1) sospensione per 120 giorni del programma di ammissione dei rifugiati.

2) sospensione per i rifugiati siriani sino ad ulteriore avviso, ossia sino a quando il presidente non riterrà che sono stati fatti cambiamenti sufficienti per garantire che il loro ingresso “è coerente con l’interesse nazionale”. Nel 2016 gli Usa hanno accolto 12.468 rifugiati siriani, contro i 300.000 della Germania.
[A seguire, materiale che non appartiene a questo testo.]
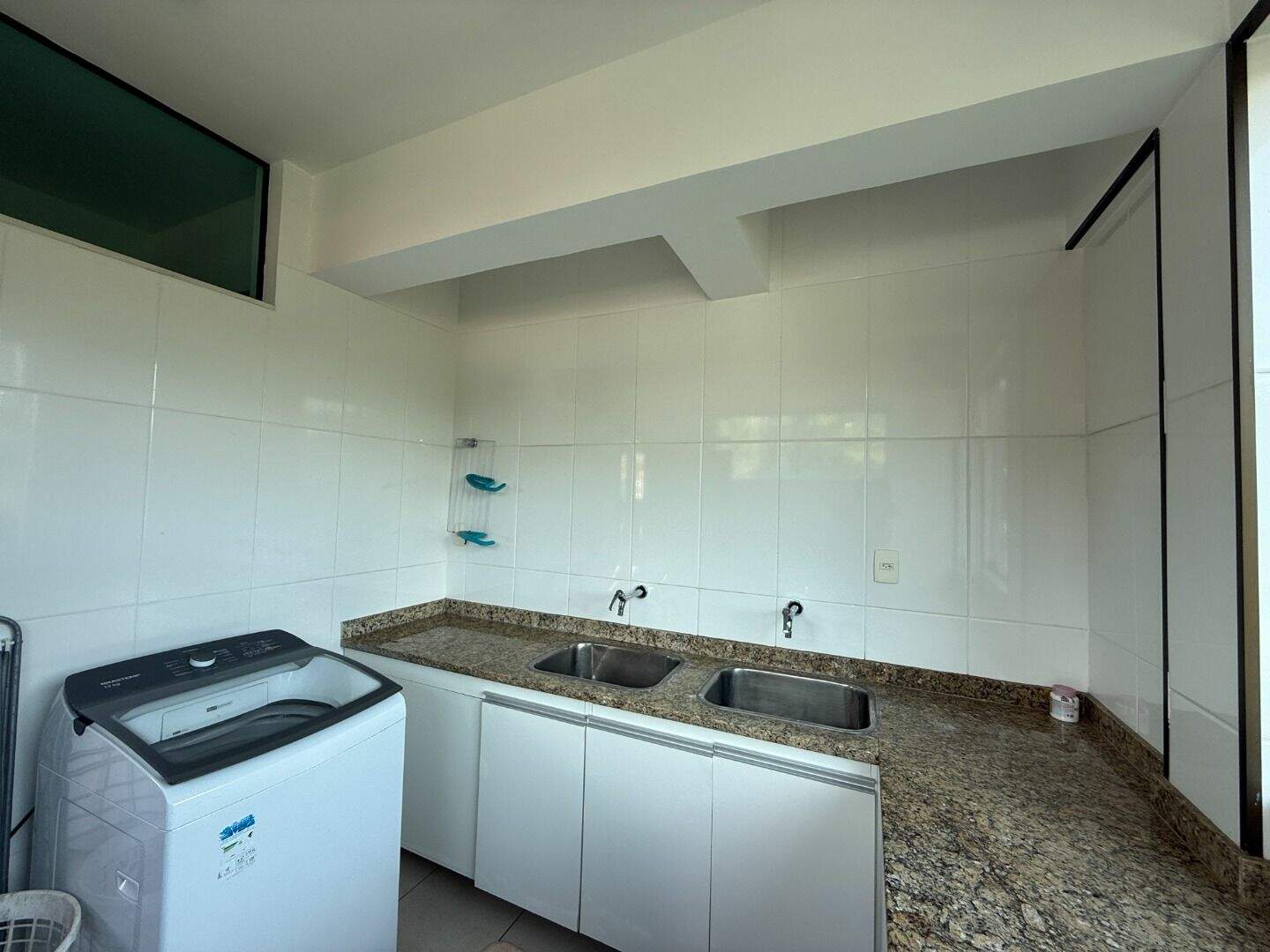 Casa à venda no Vale das Araras: Área de Serviço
Dall’inizio del conflitto in Siria, la Turchia ne ha ricevuti 2,7 mln, il Libano 1 mln.

3) riduzione da 110 mila a 50 mila del numero di tutti i rifugiati previsti per l’anno fiscale 2016 (dal primo ottobre 2016 al 30 settembre 2017).

4) priorità, dopo la fine del periodo di sospensione, ai rifugiati appartenenti a minoranza religiose perseguitate.

5) eccezioni al bando sui rifugiati “caso per caso”, a discrezione del dipartimento di stato e del ministero dell’interno

6) autorità locali e statali avranno un ruolo nella ricollocazione dei rifugiati

7) sospensione per 90 giorni dell’ingresso delle persone provenienti da sette Paesi a maggioranza islamica (Siria, Libia, Iraq, Iran, Somalia, Yemen, Sudan). Nel mirino anche i possessori di Green card.

8) sviluppo di standard e procedure uniformi per controllare gli immigrati, come ad esempio le interviste personali o un database con i documenti di identità presentati dai richiedenti

9) completamento veloce del sistema biometrico di tracciatura di ingressi e uscite dagli Usa

10) sospensione del programma Visa interview Waiver, che consente a chi è ritenuto titolato il rinnovo del visto senza intervista personale

11) pubblicazione ogni 180 giorni dei dati sui reati legati al terrorismo.